The realtime API uses WebSocket for low-latency lip synchronization. Clients establish a connection with our inference server, stream both video and audio over WebSocket messages, and receive a stream of messages - each containing modified video with synchronized lip movements and its matching audio clip.
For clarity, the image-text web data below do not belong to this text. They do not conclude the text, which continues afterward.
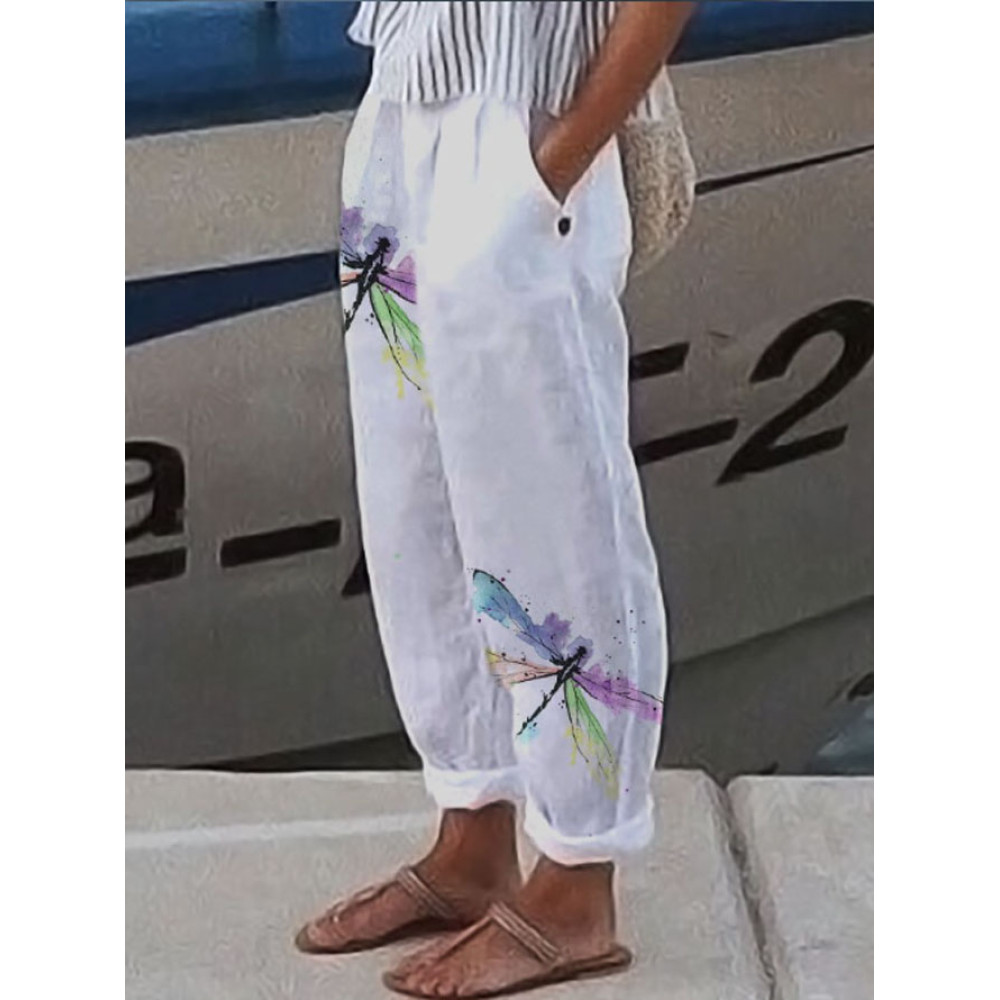 Women's Casual Watercolor Dragonfly Cotton Blend Print Pants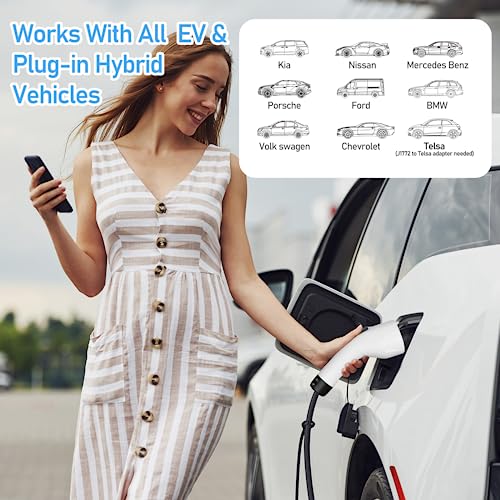 Fineera Portable Level 2 EV Charger with WiFi & Bluetooth, 25FT Cable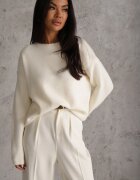 j&x Pulover oversize din bumbac și lână Basic Oseani Bej deschis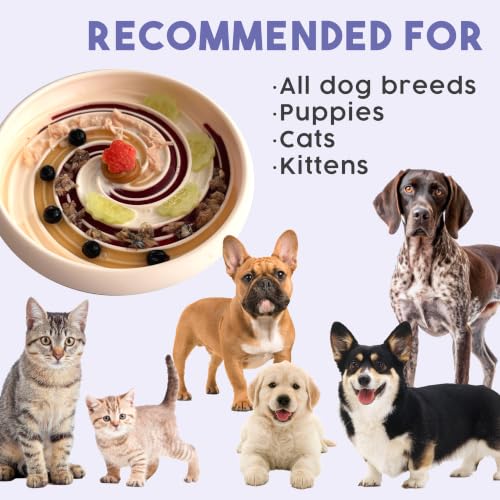 Large Lick Dish - Silicone Lick Mat + Slow Feeder for Cats & Dogs (Almond) - color: Almond, size: Large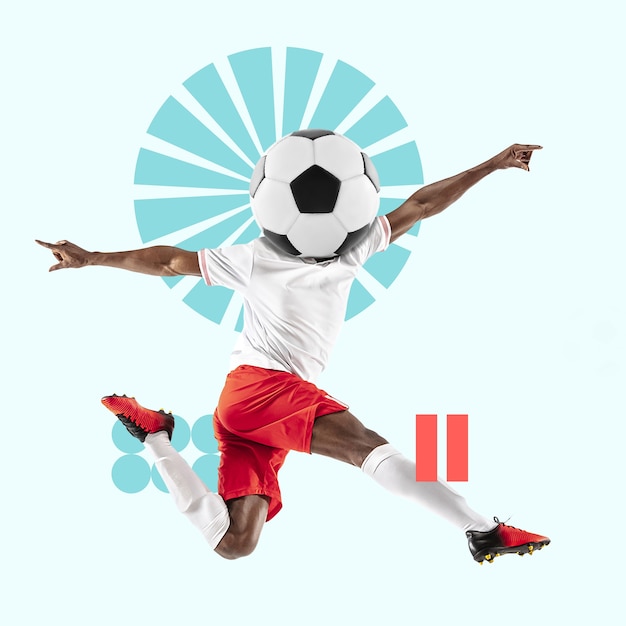 Creative sport and geometric style. Football, soccer player in action, motion on blue background. Negative space to insert your text or ad. Modern design. Contemporary colorful and bright art collage.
The connection remains active as long as the input streams continue, allowing you to change audio sources on-the-fly to modify the lip synchronization dynamically.

Installation

pip install decart

Basic Usage

import asyncio
import fractions
import numpy as np
import os
from decart.lipsync import RealtimeLipsyncClient

async def main():

    frames_queue = asyncio.Queue()
    audio_queue = asyncio.Queue()

    client = RealtimeLipsyncClient(api_key=os.getenv("DECART_API_KEY"))
    frame_interval = fractions.Fraction(1, client._video_fps)
    time = asyncio.get_running_loop().time

    while True:
        frame_start_time = time()
        try:
            # Get audio clip of any duration when available, should be PCM 16000Hz Mono channel, could be any length
            audio_clip: bytes = audio_queue.get_nowait()
            await client.send_audio(audio_clip)
        except asyncio.QueueEmpty:
            pass

        # Get next frame - raw image data of shape (800, 450, 3), RGB format
        frame: np.ndarray = await frames_queue.get()
        await client.send_video_frame(frame)

        try:
            # Wait for resulting frame and corresponding audio clip if already available
            out_frame, out_audio_clip = await client.get_synced_output(
                timeout=frame_interval - (time() - frame_start_time)
            )

            # HANDLE OUT_FRAME AND OUT_AUDIO_CLIP HERE
        except asyncio.TimeoutError:
            pass

        # Wait before sending next frame
        await asyncio.sleep(frame_interval - (time() - frame_start_time))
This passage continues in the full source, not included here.